Friday, April 25, 2014

Puberty Woes


So I've been looking online for advice on having the puberty talk with my girls. Everything I have found so far says to be honest and open. Well, duh. I'm not going to lie about it and I won't hide anything about it either. I'm more looking for how to start the conversation. Add to that, how do I keep my overly emotional Fiona from freaking out about bleeding once a month? She doesn't like blood and has less pain tolerance that I do, which is saying a lot. I don't deal well with pain. I don't like it. When I hurt, anywhere, I shut down pretty quick. Fiona goes to the opposite extreme. She cries and screams. The whole world must know that she hurts.


Then there is Shannon. I'm not sure how she will react to the idea either, but I can almost guarantee that she will have a million questions. She is curious about everything and wants to know everything. She also doesn't like blood, but she deals with it better. As for pain, she's had her share of accidents and I think her pain tolerance is much better. She might still cry about it, but for that to happen, I know it really hurts. Not to say that Fiona doesn't really hurt; I just don't know how bad she hurts as she reacts the same whether it's a “I bumped into the wall” or “I fell off my scooter on the road and have asphalt lodged in the scratches on my knees and elbows”.

I'm also nervous about PMS. I've been lucky so far. Due to my choice of birth control, I haven't had to deal with a period for most of the time my children have been alive. This will all change in June when I get my tubes tied. Add to that, I also have 2 step daughters who are very close in age to my girls.
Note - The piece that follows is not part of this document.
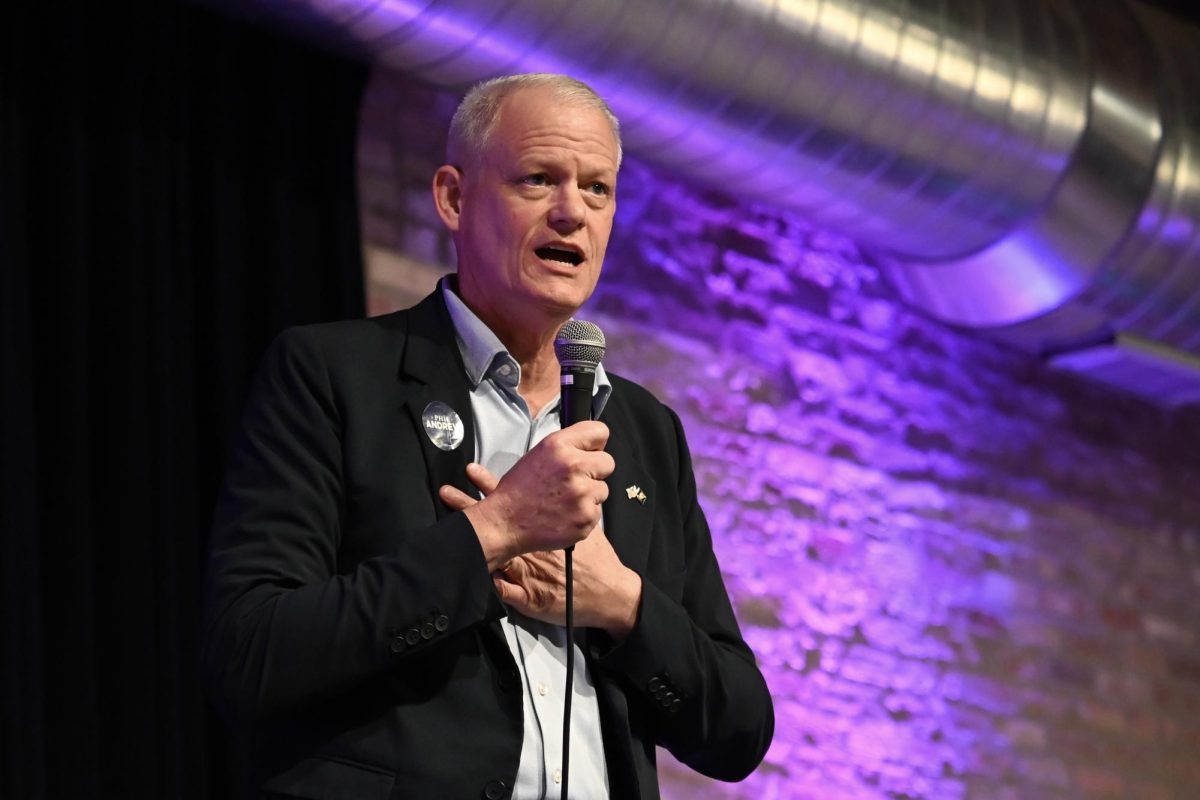 A person speaks into a microphone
I'm not looking forward to the possibility of all 5 of us being on our cycle at the same time. We just might blow the roof off of the house. I really feel bad for Ted and his dad (who we live with). I'm sure Ted will probably be ok, but I feel bad that he will have to deal with it. As for Wayne, he's a 70 year old who only has boys. I'm not sure how he will handle the lovely mood swings.

I know I need to have this talk soon. Hopefully, I can find the words and the time to do it right. Wish me luck!